Жестокая история, которая написана молодым ещё писателем, но с какой-то глубоко укоренившейся старостью во взгляде на мир. Евгений Шишкин, конечно, не Шолохов, как о том говорят иные критики: и широты исторической не хватает, и язык иногда не к месту частит диалектными вятскими словечками, да и непростительные для реалиста ошибочки, такие как, например, сжимающий дуло автомата штрафник, тоже имеются.
Но вот что подкупает: реализм Шишкина становиться действительным реализмом в тот момент, когда автор честно начинает выписывать вполне может быть и несимпатичных ему лично персонажей. В итоге получается целая галерея персонажей колоритных, понятых автором. Понимающий реализм. Автор же со своей позицией остаётся как бы за кадром, скрывается за изображением, не делит на хорошее и плохое своей авторской волей.

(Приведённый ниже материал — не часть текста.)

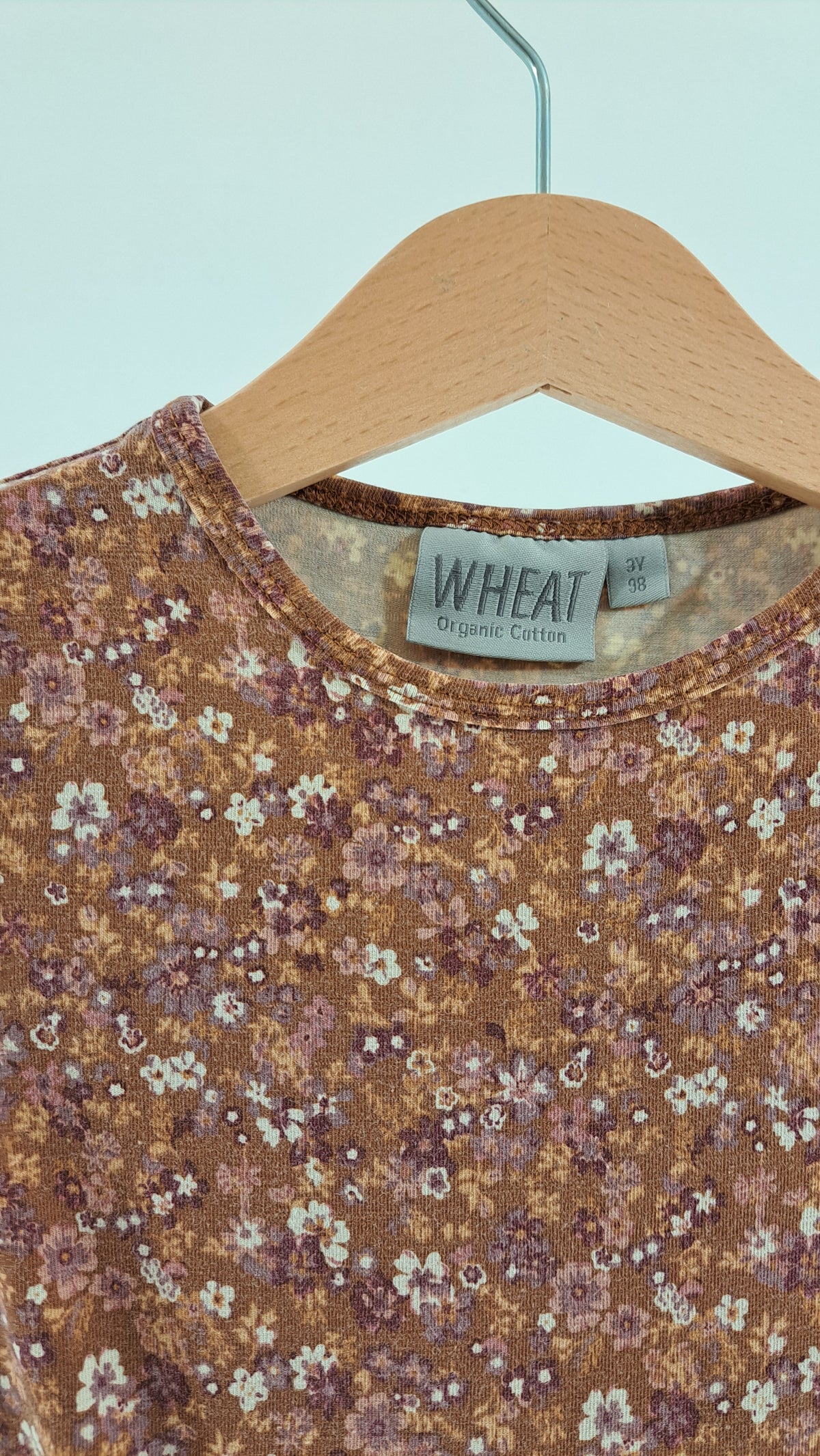 WHEAT • KJOLE • BRUNROSA BLOMSTERPRINT • STR. 98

Только один раз Шишкин позволяет себе (не удержался, похоже) историко-философский комментарий сражения за Берлин. Да и то цитирует своего героя, после войны — историка. И опять — о том же: не ищите тайных пружин истории, имейте обойтись, тем, что видно, не бойтесь этой кажущейся простоты, эта простота и есть самая большая и интересная философская проблема.
Слишком силён подчас соблазн объяснить то, что с нами происходит, чем-то потусторонним и от нас независящим. И не хватает сил на бритву Оккама собственного, тяжёлого понимания. Шишкин продумывает мысль до конца, не впадая в спасительный оккультизм. И судьба героя становиться мыслю, продуманной до конца. Мыслью, облекшейся в плоть, чтобы умереть. Без смысла и сверхзадачи. Без условий и условностей. Просто. Казалось бы...

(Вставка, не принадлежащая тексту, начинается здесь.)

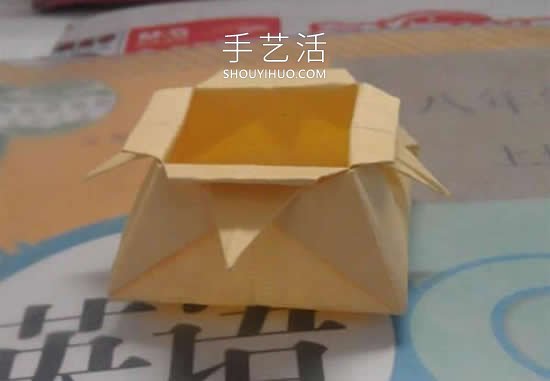 簡(jiǎn)單又漂亮！手工折紙花型垃圾盒的視頻教程 -  itrip.net.cn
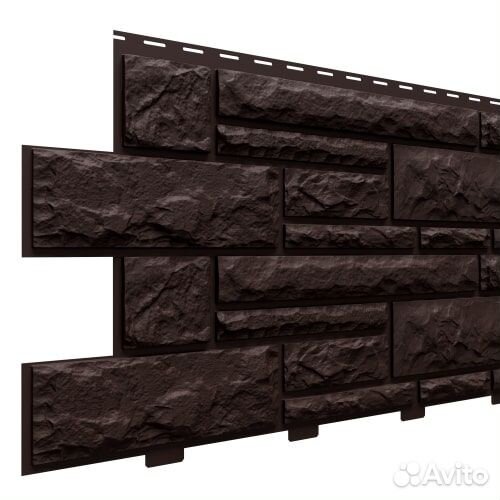 Фасадные панели Доломит стандарт Доломит орех, сло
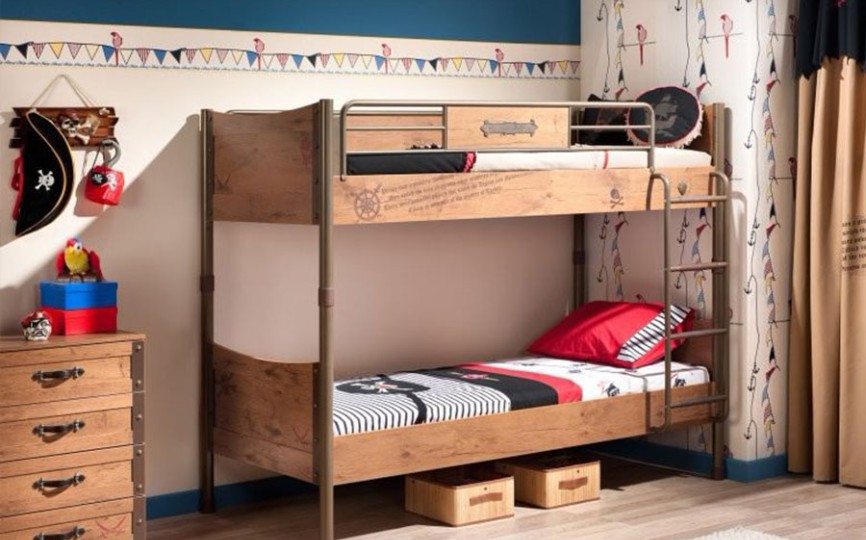 Детская комната для 2х мальчиков "BLACK PIRATE"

Шишкин думает о мире в безусловных терминах, в терминах обихода Вятской деревни, в терминах нефилософского, инстинктивного несыгранно трагедийного понимания смерти и балагурно веселого проживания жизни. И вся философия героев только от того, что больно уж непонятно, какой бес водит души людей и что ему, этому бесу надо, зачем он мешает пахать землю, шить обувь и любиться по велению молодых тел. В остальном же — никакой идеологии. Чистый быт, необременённый лишними измышлениями. Вот такую жизнь Шишкин и промыслил, пережил и воссоздал. А это трудно. Повседневность обычно с трудом проницаема для познающего и — как правило — рефлексирующего писательского сознания.

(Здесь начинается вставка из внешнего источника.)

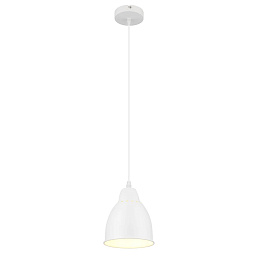 A2054SP-1WH Arte Lamp BRACCIO подвесной светильник с широким белым плафоном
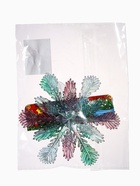 Ёлочная игрушка «Зимнее волшебство. Снежинка пушистая», 11×11 см, разноцветная - Фото 8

Потому что повседневность страшна и бессмысленна, она даже не трагична, она — смерть-не-трагедия-а-усталость.
Вполне допускаю, что «Бесова душа» — не лучшая книга Шишкина, несмотря на целые страницы безупречных в художественном отношении страниц. Но нисколько не жалею, времени на неё потраченного. И, безусловно, прочту то, что этот автор — надеюсь — напишет ещё.